Glassy states and microphase separation in cross-linked homopolymer blends
Christian Wald (1), Annette Zippelius (1), and Paul M. Goldbart (2), ((1) Universitaet Goettingen, (2) University of Illinois at Urbana-Champaign)

TL;DR
This paper models the glassy states and microphase separation in cross-linked homopolymer blends using a Landau approach, revealing how gelation influences stability and prevents complete demixing, leading to microphase separation.
Contribution
It introduces a coupled Landau theory to analyze how cross-linking affects phase separation and stability in homopolymer blends, highlighting the role of gelation in microphase formation.
Findings
Gelation enhances blend stability against demixing.
Microphase separation occurs at a finite length scale due to network rigidity.
Complete demixing is prevented by gelation, leading to microphase structures.
Abstract
The physical properties of blends of distinct homopolymers, cross-linked beyond the gelation point, are addressed via a Landau approach involving a pair of coupled order-parameter fields: one describing vulcanisation, the other describing local phase separation.

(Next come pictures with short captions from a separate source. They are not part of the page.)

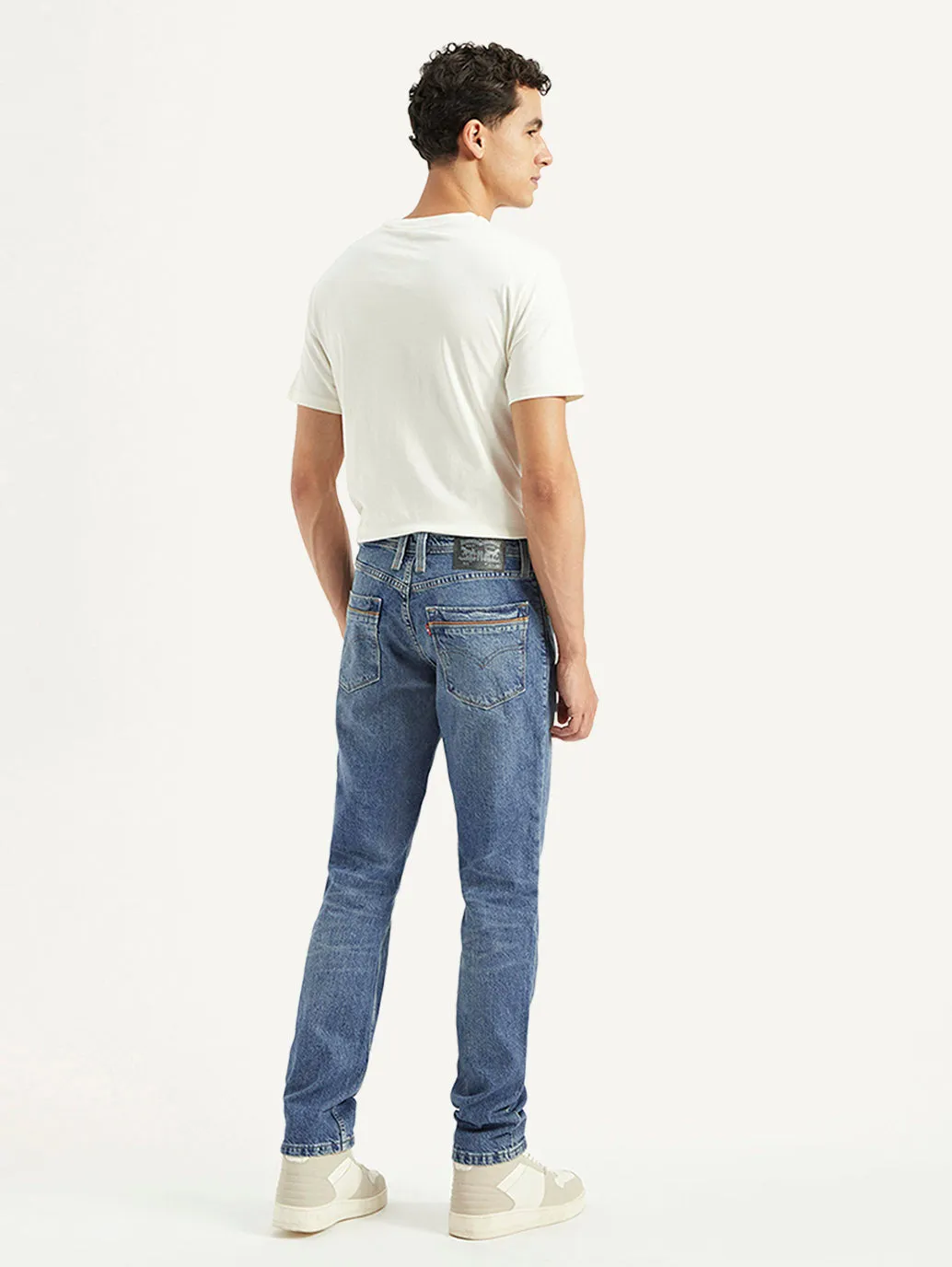 Men's 511 Blue Slim Fit Mid Rise Jeans LEVI'S
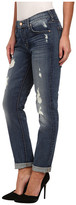 Thumbnail for your product : 7 For All Mankind Josefina w/ Rolled Hem in Slim Illusion Aggressive Atlas Blue 2
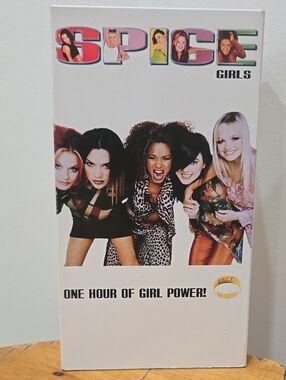 Spice Girls 1997 One Hour of Girl Power VHS Tape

Thermal concentration fluctuations, present at the time of cross-linking, are frozen in by cross-linking, and the structure of the resulting glassy fluctuations is analysed at the Gaussian level in various regimes, determined by the relative values of certain physical length-scales. The enhancement, due to gelation, of the stability of the blend with respect to demixing is also analysed. Beyond the corresponding stability limit, gelation prevents complete demixing, replacing it by microphase separation, which occurs up to a length-scale set by the rigidity of the network, as a simple variational scheme reveals.